Spar Nord Bank (ETL)

Introduction

Welcome to the Spar Nord Bank ATM Transactions Analysis Project! This project demonstrates the development of a batch ETL pipeline using widely adopted tools and technologies such as Apache Sqoop, Apache PySpark, Amazon S3, and Amazon Redshift. The objective of this project is to extract, transform, and load (ETL) transactional data from a MySQL RDS database into Amazon Redshift, followed by performing analytical queries to derive valuable insights.

Use Case

Spar Nord Bank needs to optimize its ATM refilling strategy by analyzing ATM usage patterns, particularly withdrawals, and their influencing factors such as weather, time, and location.

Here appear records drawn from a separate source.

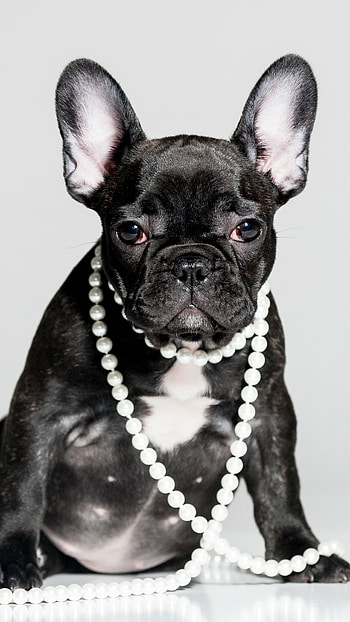 Cute French Bulldog , Adorable animals, , Lovable puppies HD phone wallpaper
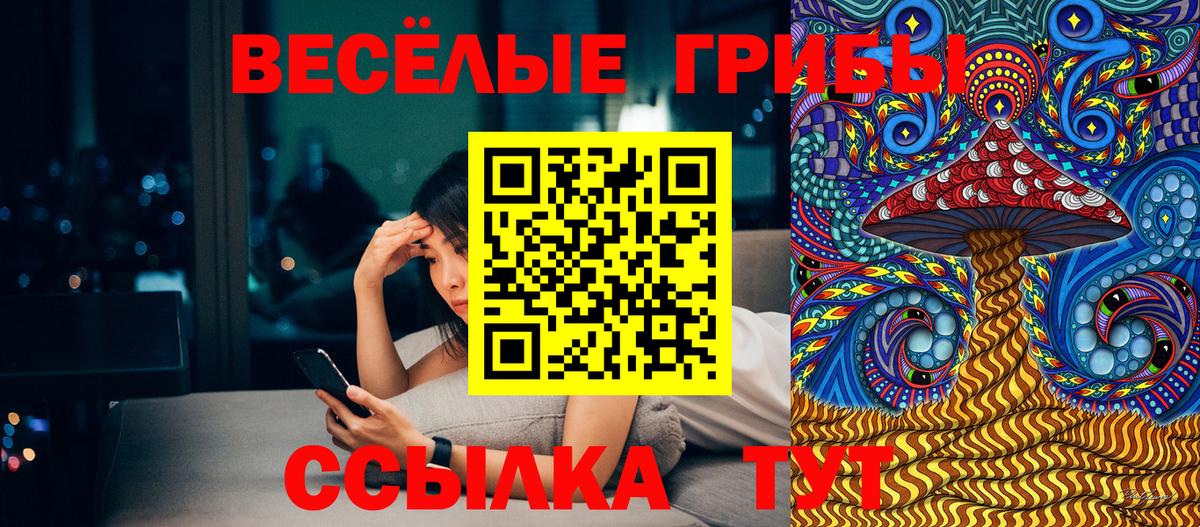 Галлюциногенные грибы Psilocybe Магадан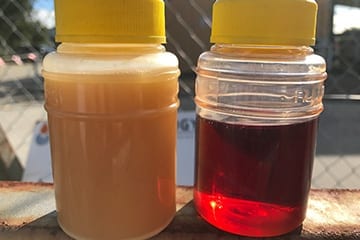 Filter Technology Australia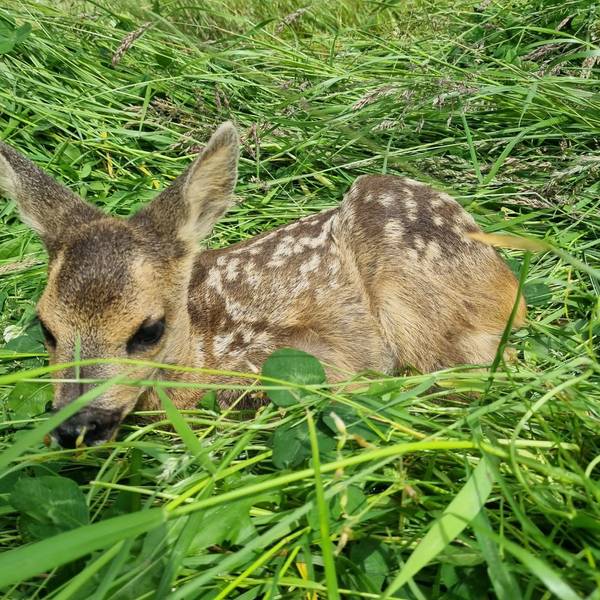 Ein Kitz liegt im Gras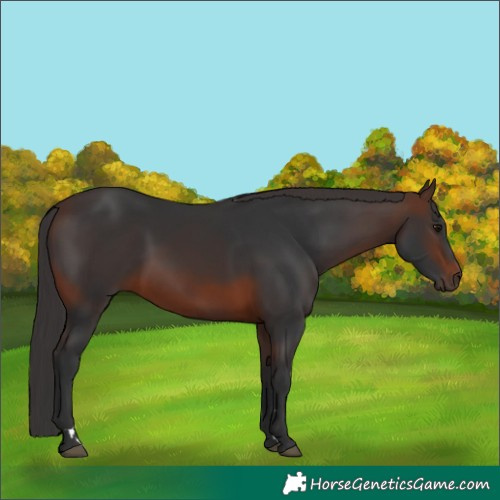 Horse Color:Brown 
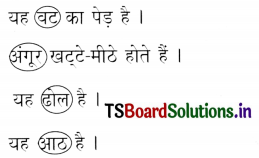 TS 6th Class Hindi Guide 7th Lesson मैदान 11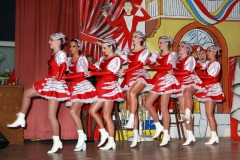 FVCA-Sitzung-2010-0361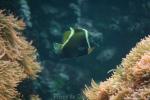 Horned bannerfish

Additionally, the bank seeks to gain insights into ATM failures and transaction behaviors to enhance overall ATM management and customer service.

Project Workflow

The project involves the following steps:

Data Extraction: Extract transactional data from MySQL RDS using Apache Sqoop and load it into HDFS.
Data Transformation: Utilize Apache PySpark to transform the extracted data into a format compatible with the target schema, which includes creating dimension and fact tables.
Data Loading: Load the transformed data from HDFS to Amazon S3.
Redshift Setup: Create a Redshift cluster, define the schema, and load the data from S3 to Redshift tables.
Data Analysis: Perform analytical queries on the loaded data to answer business questions and derive insights.

Tools and Technologies

Apache Sqoop: For data ingestion from MySQL RDS to HDFS.
Apache PySpark: For data transformation and creating dimension and fact tables.
Amazon S3: For storing the transformed data before loading it into Redshift.
Amazon Redshift: For setting up a data warehouse and running analytical queries.

Data

The dataset used in this project was sourced from Kaggle and contains detailed ATM transactional data along with weather information at the time of the transactions from around 113 ATMs across Denmark for the year 2017. The dataset comprises approximately 2.5 million records and includes various fields such as transaction date and time, ATM status, ATM details, weather conditions, transaction details, and more.

Link to Kaggle Dataset

Data Model

The data model consists of four dimension tables and one fact table:

ATM Dimension: Contains ATM-related data including ATM ID, manufacturer, and location reference.
Location Dimension: Contains location data such as city, street name, street number, zip code, latitude, and longitude.
Date Dimension: Contains time-related data including timestamp, year, month, day, hour, and weekday.
Card Type Dimension: Contains information about different card types used in transactions.
Transaction Fact: Contains numerical and transactional data such as currency, service type, transaction amount, message codes, and weather information.

Approach

The approach for this project is divided into the following stages:

1. Data Extraction

Data Ingestion from the RDS to HDFS using Sqoop

Sqoop Import command used for importing table from RDS to HDFS:

sqoop import \
--connect jdbc:mysql://upgraddetest.cyaielc9bmnf.us-east-1.rds.amazonaws.com/testdatabase \
--table SRC_ATM_TRANS \
--username student --password STUDENT123 \
--target-dir /user/ec2-user/ETL_Project/data \
-m 1

Command used to see the list of imported data in HDFS:

hadoop fs -ls /user/ec2-user/ETL_Project/data

Screenshot of the imported data:

2. Data Transformation

PySpark-ETL.ipynb is used here and the points are summarized below:

Define the input schema using StructType to ensure correct data types.
Read and verify the data from HDFS.
Create and clean dimension tables by removing duplicates and ensuring proper primary keys.
Create the transaction fact table by joining with the dimension tables and cleaning the data.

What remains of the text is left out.